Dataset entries
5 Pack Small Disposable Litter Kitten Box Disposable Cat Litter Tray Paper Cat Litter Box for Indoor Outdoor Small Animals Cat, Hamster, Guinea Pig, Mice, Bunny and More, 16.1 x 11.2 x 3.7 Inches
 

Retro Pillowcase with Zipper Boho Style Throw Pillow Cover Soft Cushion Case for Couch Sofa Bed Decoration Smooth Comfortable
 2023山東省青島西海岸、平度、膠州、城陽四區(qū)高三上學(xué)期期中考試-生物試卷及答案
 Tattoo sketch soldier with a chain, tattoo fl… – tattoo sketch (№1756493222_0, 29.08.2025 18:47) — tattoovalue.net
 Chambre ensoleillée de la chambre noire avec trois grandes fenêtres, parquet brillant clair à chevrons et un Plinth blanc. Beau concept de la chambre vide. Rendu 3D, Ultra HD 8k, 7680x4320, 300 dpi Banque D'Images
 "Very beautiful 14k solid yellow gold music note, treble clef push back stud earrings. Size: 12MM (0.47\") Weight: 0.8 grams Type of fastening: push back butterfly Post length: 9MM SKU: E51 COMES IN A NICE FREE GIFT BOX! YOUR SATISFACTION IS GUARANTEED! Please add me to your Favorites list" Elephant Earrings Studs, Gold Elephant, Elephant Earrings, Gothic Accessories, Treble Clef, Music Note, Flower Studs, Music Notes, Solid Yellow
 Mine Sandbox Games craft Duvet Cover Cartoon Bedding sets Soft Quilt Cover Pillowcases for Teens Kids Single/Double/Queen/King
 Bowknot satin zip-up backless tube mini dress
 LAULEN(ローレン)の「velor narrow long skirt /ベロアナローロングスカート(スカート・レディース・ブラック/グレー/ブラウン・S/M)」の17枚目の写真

ABOUT THIS TASK> Copy out every line of the data that includes the word "Cover".

ANSWER>
Retro Pillowcase with Zipper Boho Style Throw Pillow Cover Soft Cushion Case for Couch Sofa Bed Decoration Smooth Comfortable
 Mine Sandbox Games craft Duvet Cover Cartoon Bedding sets Soft Quilt Cover Pillowcases for Teens Kids Single/Double/Queen/King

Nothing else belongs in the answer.